:: WHAT THIS TASK INVOLVES ::
The lines to copy run from the one containing "natural fall decor" to the end of the listing. Please write them out exactly, minus the pictures.

:: RAW DATA ::
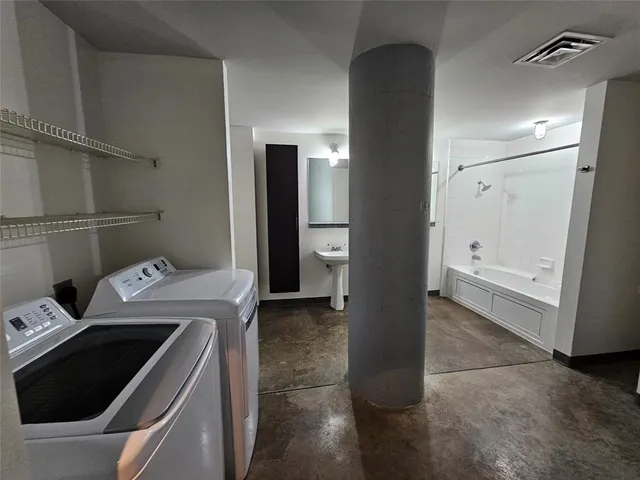 a utility room with dryer and washer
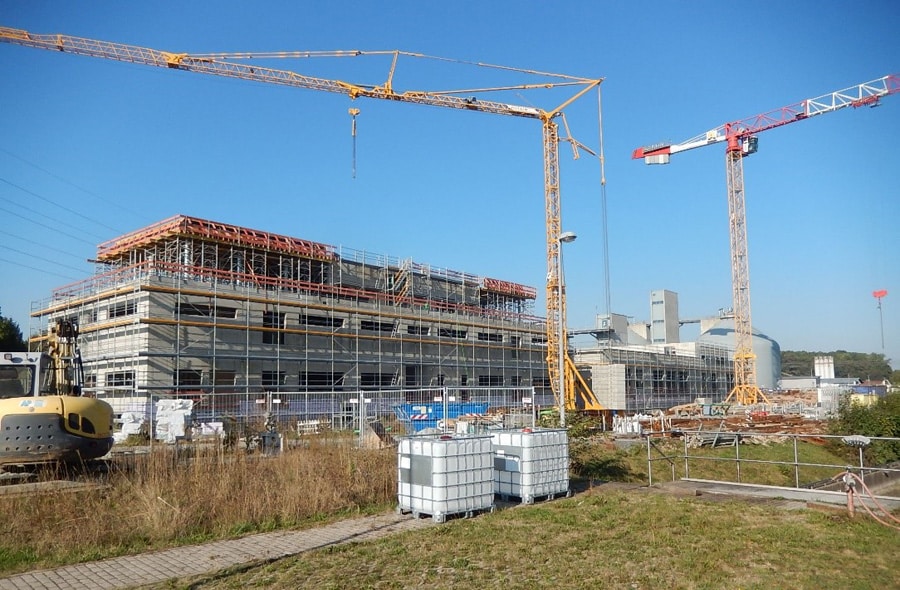 Ein Gerüst an allen Außenwänden des fertigen Rohbaus. Im Vordergrund zwei Kräne.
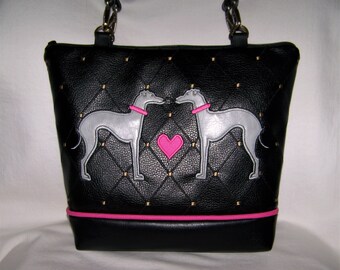 May include: Black quilted tote bag with a pink trim and two grey embroidered dogs facing each other with a pink heart in the middle.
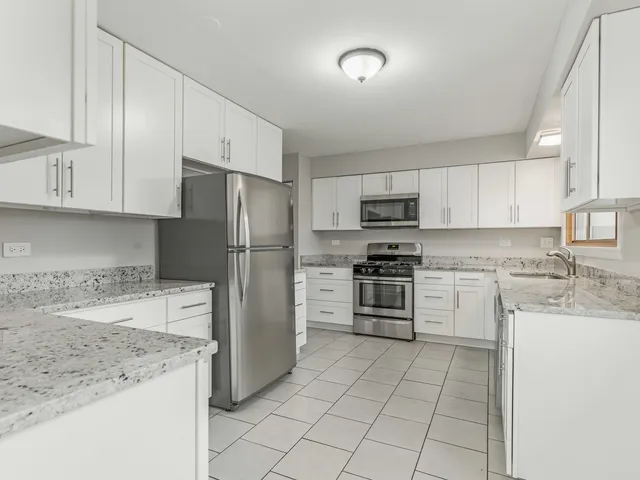 a kitchen with a sink a refrigerator and a stove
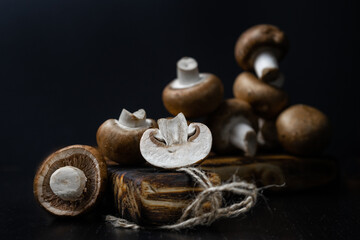 Fototapeta na wymiar Fresh white champignons on the dark kitchen table. Cooking delicious dishes with mushrooms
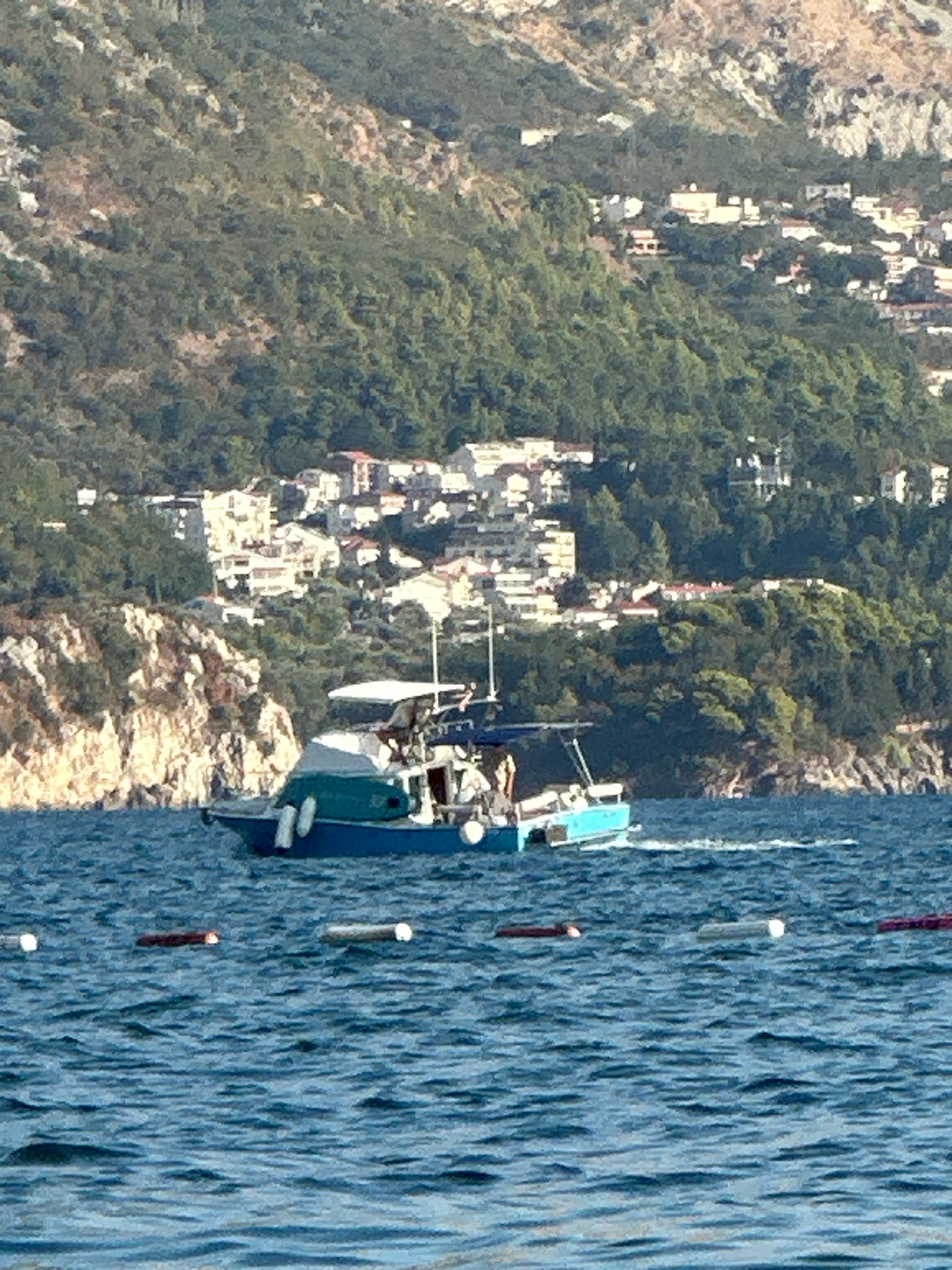 A motorboat with a white canopy is traveling on the water. The boat is blue and green with white fenders. There are at least two people visible on the boat. In the background, there is a hillside covered with green trees and dotted with white buildings. There are also rocky cliffs visible. The water is a deep blue with ripples. Several buoys are floating in the water in the foreground. The scene depicts a coastal area near Boreti, Montenegro, likely a resort town given the buildings on the hillside.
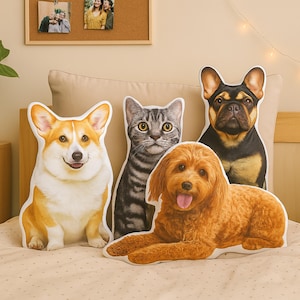 May include: A collection of plush animal pillows in the shapes of a Corgi, a tabby cat, a Goldendoodle, and a black and brown French Bulldog. The pillows are on a bed with a neutral-colored comforter.
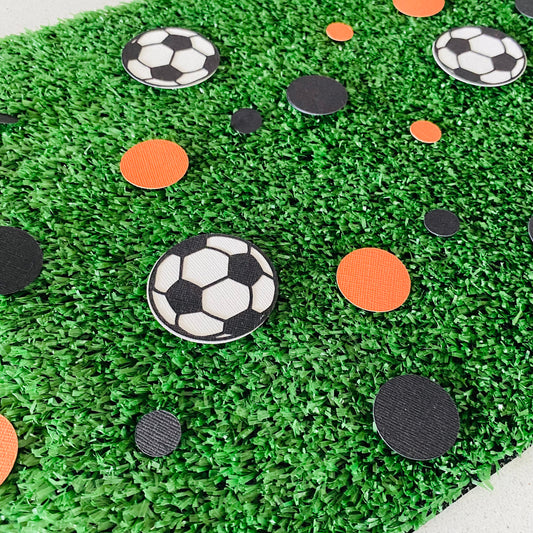 Orange and black paper round discs with soccer ball paper discs  scattered across green grass.
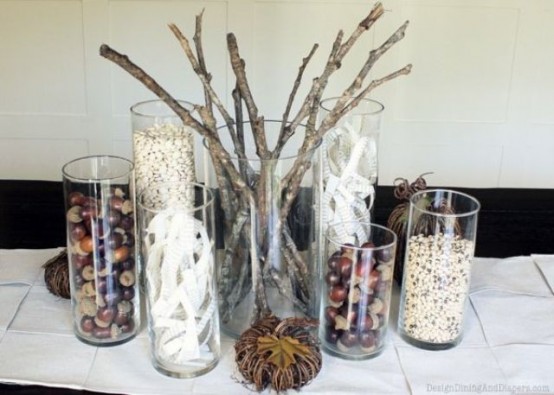 natural fall decor with clear vases filled with nuts, acorns, branches and some vine pumpkins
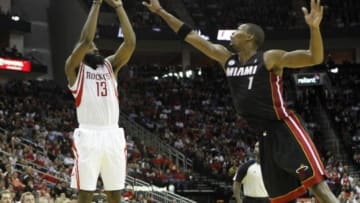 Nov 12, 2012; Houston, TX, USA; Houston Rockets shooting guard James Harden (13) takes a shot over Miami Heat center Chris Bosh (1) in the fourth quarter at the Toyota Center. The Heat defeated the Rockets 113-110. Mandatory Credit: Brett Davis-USA TODAY Sports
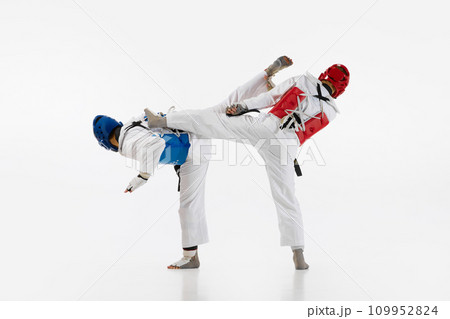 Competitive strong young men, taekwondo, karate athletes in motion, fighting, training isolated over white background. Martial arts, combat sport 109952824
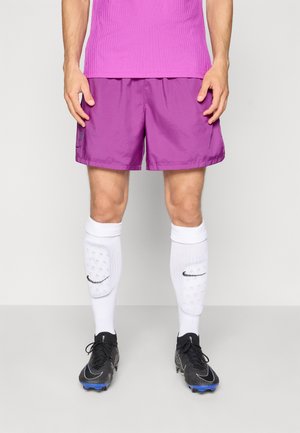 Shorts de sport violets avec une texture lisse, associés à des chaussettes blanches montantes avec un logo Nike noir, et des crampons noirs avec des accents bleus.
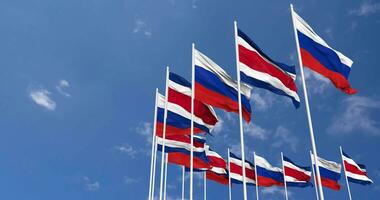 Costa Rica and France Flags Waving Together in the Sky, Seamless Loop in Wind, Space on Left Side for Design or Information, 3D Rendering video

:: SOLUTION ::
 natural fall decor with clear vases filled with nuts, acorns, branches and some vine pumpkins
 Nov 12, 2012; Houston, TX, USA; Houston Rockets shooting guard James Harden (13) takes a shot over Miami Heat center Chris Bosh (1) in the fourth quarter at the Toyota Center. The Heat defeated the Rockets 113-110. Mandatory Credit: Brett Davis-USA TODAY Sports
 Competitive strong young men, taekwondo, karate athletes in motion, fighting, training isolated over white background. Martial arts, combat sport 109952824
 Shorts de sport violets avec une texture lisse, associés à des chaussettes blanches montantes avec un logo Nike noir, et des crampons noirs avec des accents bleus.
 Costa Rica and France Flags Waving Together in the Sky, Seamless Loop in Wind, Space on Left Side for Design or Information, 3D Rendering video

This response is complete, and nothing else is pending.